Goal of the exercise: Return only the lines of the data below from the line with "Cafe Maji - 06.12.18" up to and including the line with "thumbnail image 3", exactly as written, with the pictures omitted.

╔══

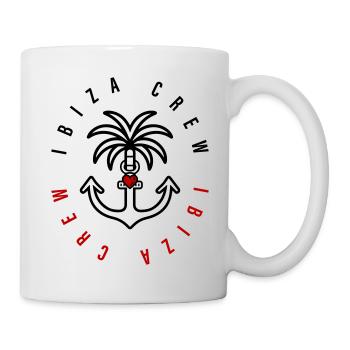 Ibiza Crew Anchor Palm Tree Heart - Mug - white - Right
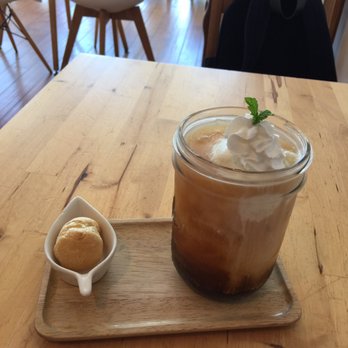 Cafe Maji - 06.12.18 lavender affogato - Coffee & Tea Near Me - Artesia, California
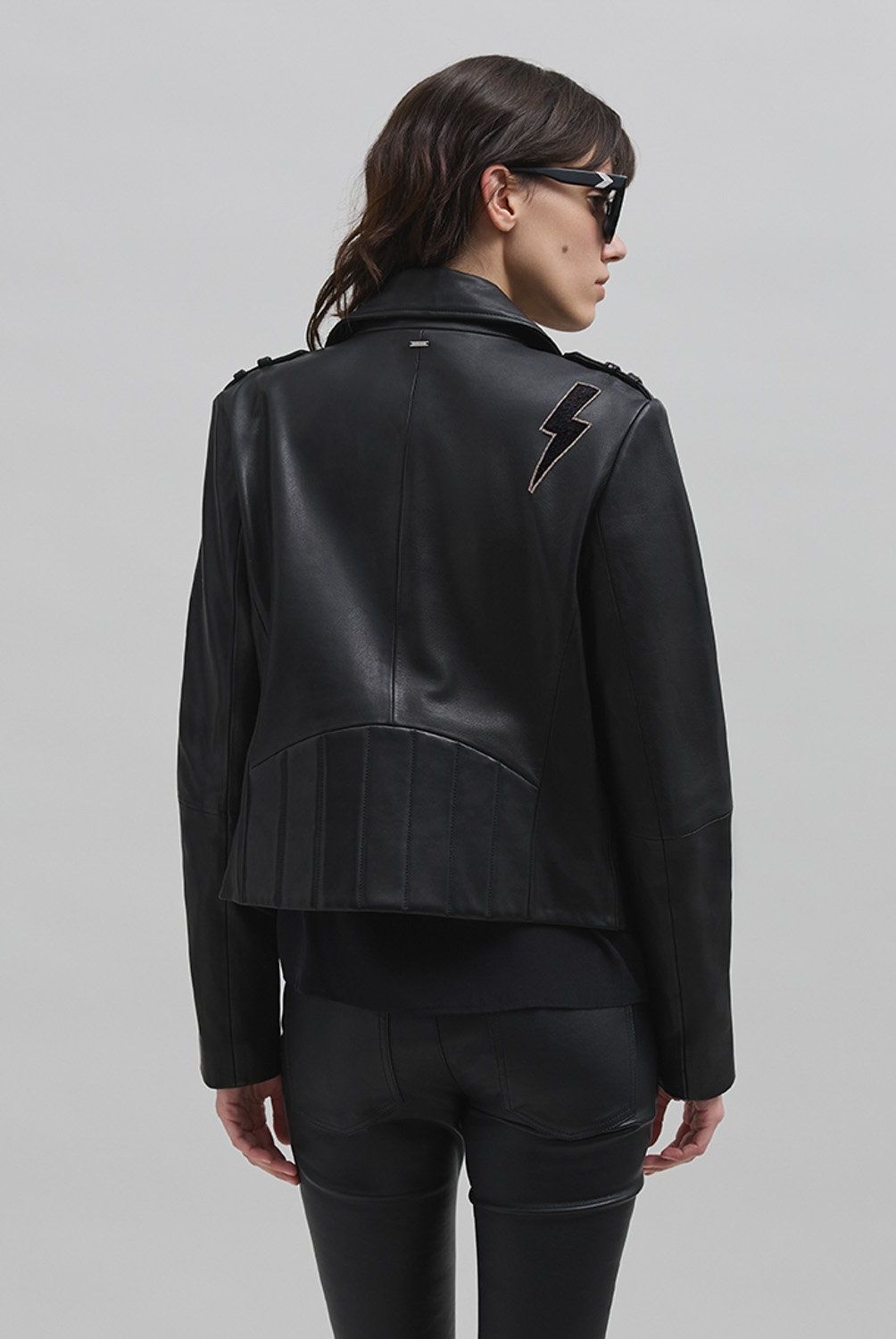 IKKS - Chaqueta de Cuero Mujer IKKS
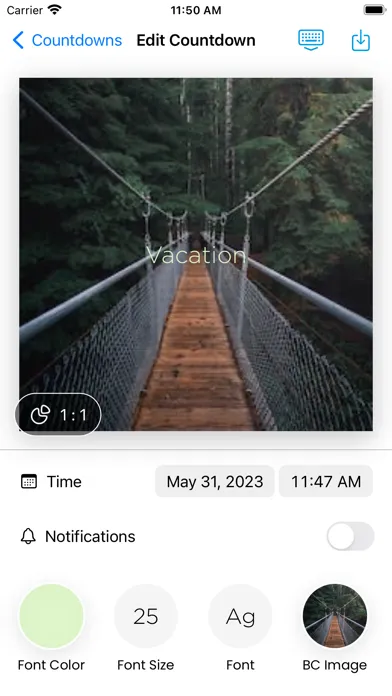 Скриншоты Countdown - Widget Reminder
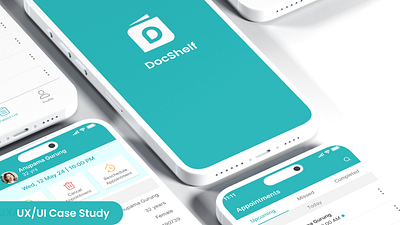 DocShelf - Appointment management case study case study product development ui ux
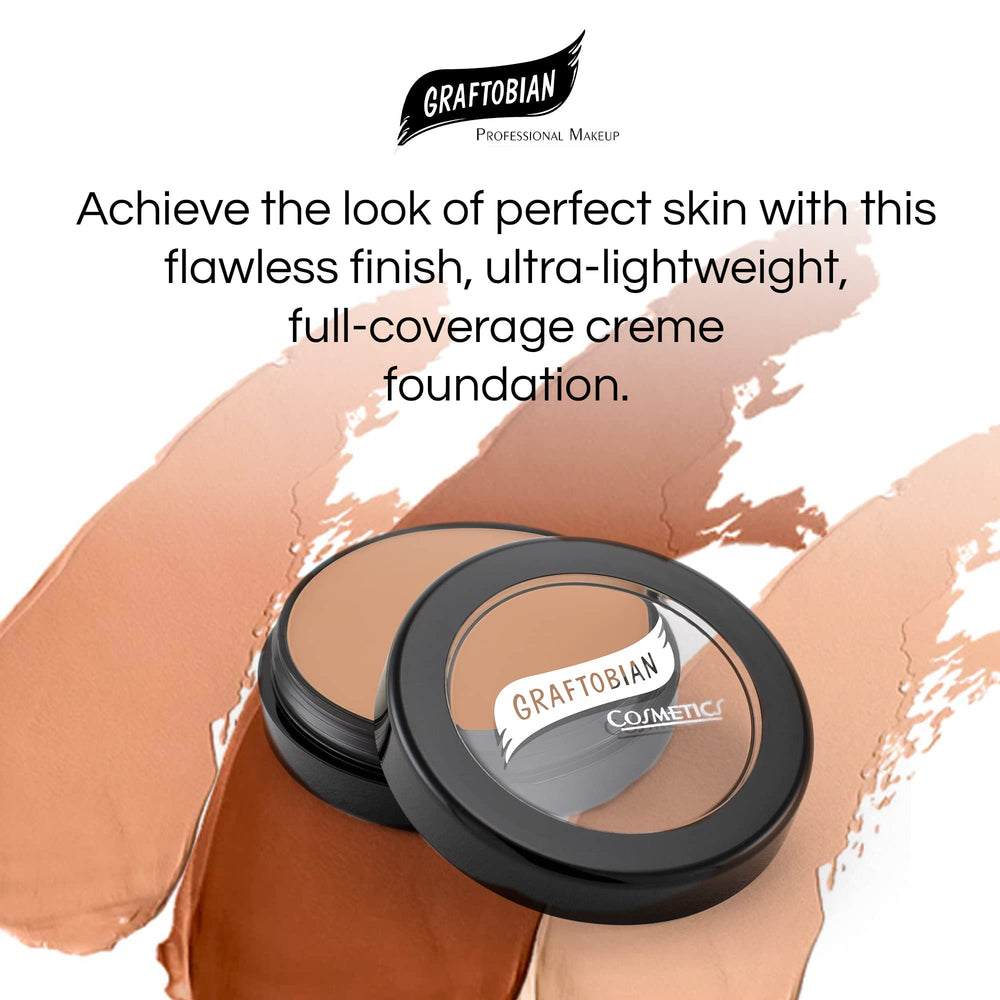 Texture crème légère Graftobian HD Glamour Creme se fond parfaitement sur la peau.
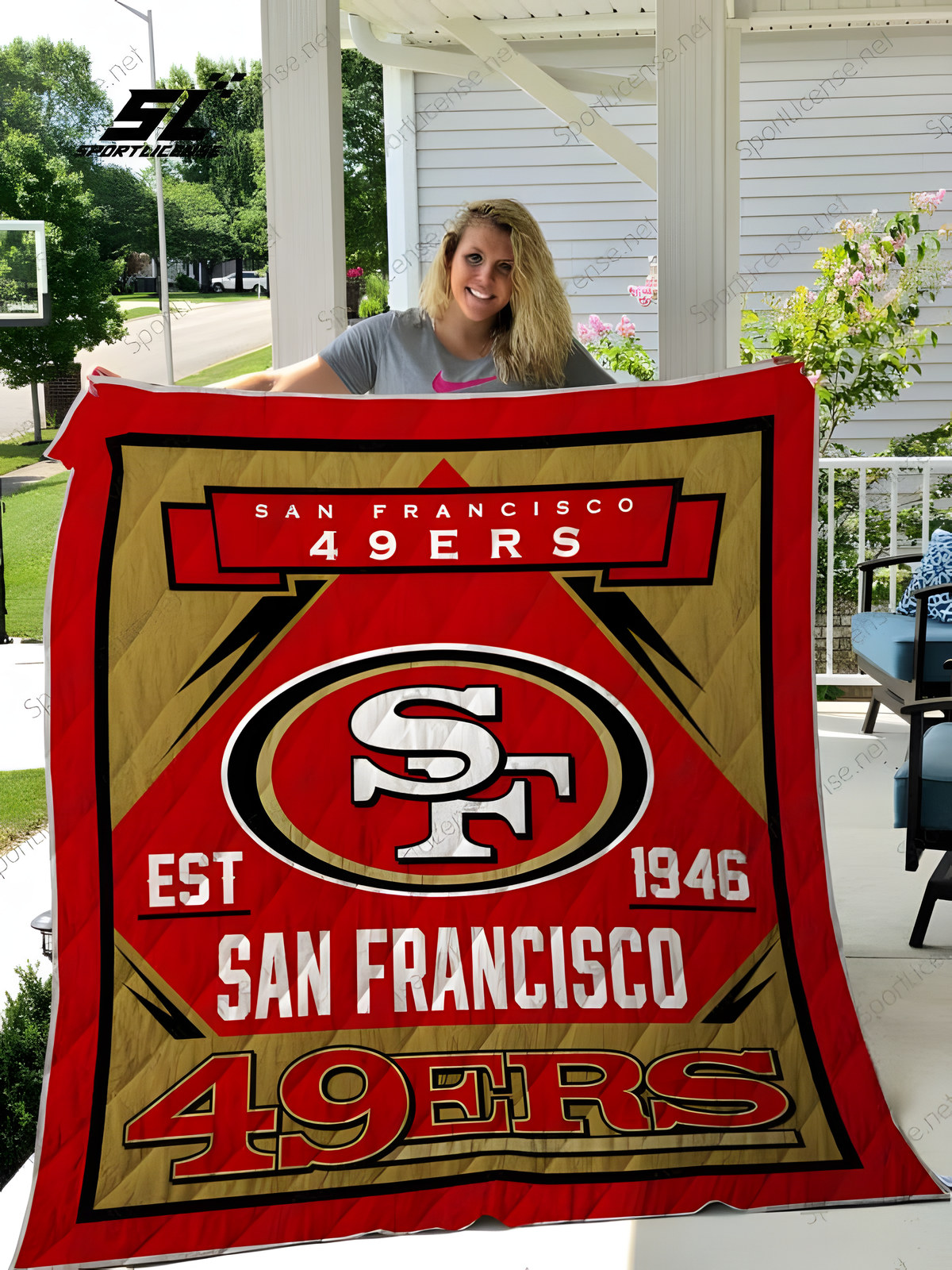 San Francisco 49Ers 1 Quilt
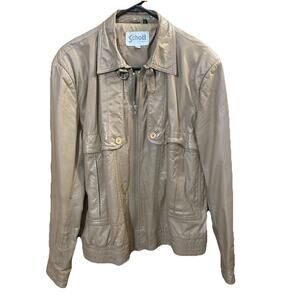 Vtg‎ Schott Sportswear Men’s Leather Jacket Sz 44 Brown 80s 90s Bomber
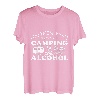 Rhymes with Camping Alcohol Frau Campingplatz Zelt Wohnwagen T-Shirt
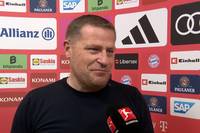 Bayern gewinnt gegen Stuttgart und Harry Kane beendet seine Tor-Flaute. Bayern-Boss Max Eberl zeigt sich nach dem Spiel rundum zufrieden mit der Leistung. 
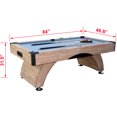 thumbnail image 3 of Kiivakii Pool Table, 7-foot Billiards Table, , Set Comes with Balls, Cue Sticks, Chalks, riangle Rack,and Brush, 84" x 46.8" x 31.5",Wooden, 3 of 5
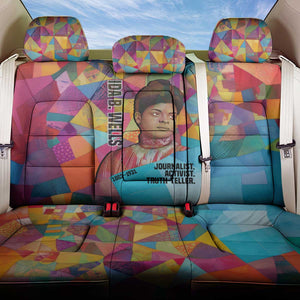 Ida B. Wells Back Car Seat Cover with Colorful Patchwork Pattern Design Confident Portrait Civil Rights and Journalism Tribute - African Pride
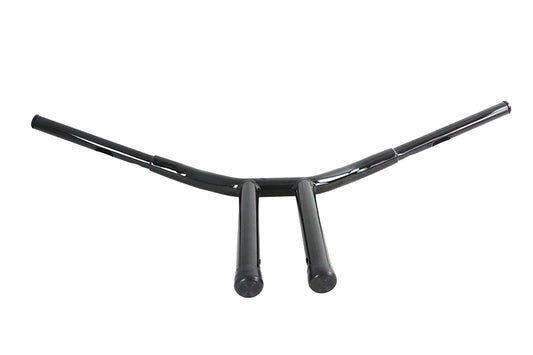 HARLEY 14 inch Combat Style Riser Handlebar Black Fits 0-  Custom, application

╚══

Result below:
 Cafe Maji - 06.12.18 lavender affogato - Coffee & Tea Near Me - Artesia, California
 IKKS - Chaqueta de Cuero Mujer IKKS
 Скриншоты Countdown - Widget Reminder
 DocShelf - Appointment management case study case study product development ui ux
 Texture crème légère Graftobian HD Glamour Creme se fond parfaitement sur la peau.
 San Francisco 49Ers 1 Quilt
 Vtg‎ Schott Sportswear Men’s Leather Jacket Sz 44 Brown 80s 90s Bomber
 Rhymes with Camping Alcohol Frau Campingplatz Zelt Wohnwagen T-Shirt
 Bayern gewinnt gegen Stuttgart und Harry Kane beendet seine Tor-Flaute. Bayern-Boss Max Eberl zeigt sich nach dem Spiel rundum zufrieden mit der Leistung. 
 thumbnail image 3 of Kiivakii Pool Table, 7-foot Billiards Table, , Set Comes with Balls, Cue Sticks, Chalks, riangle Rack,and Brush, 84" x 46.8" x 31.5",Wooden, 3 of 5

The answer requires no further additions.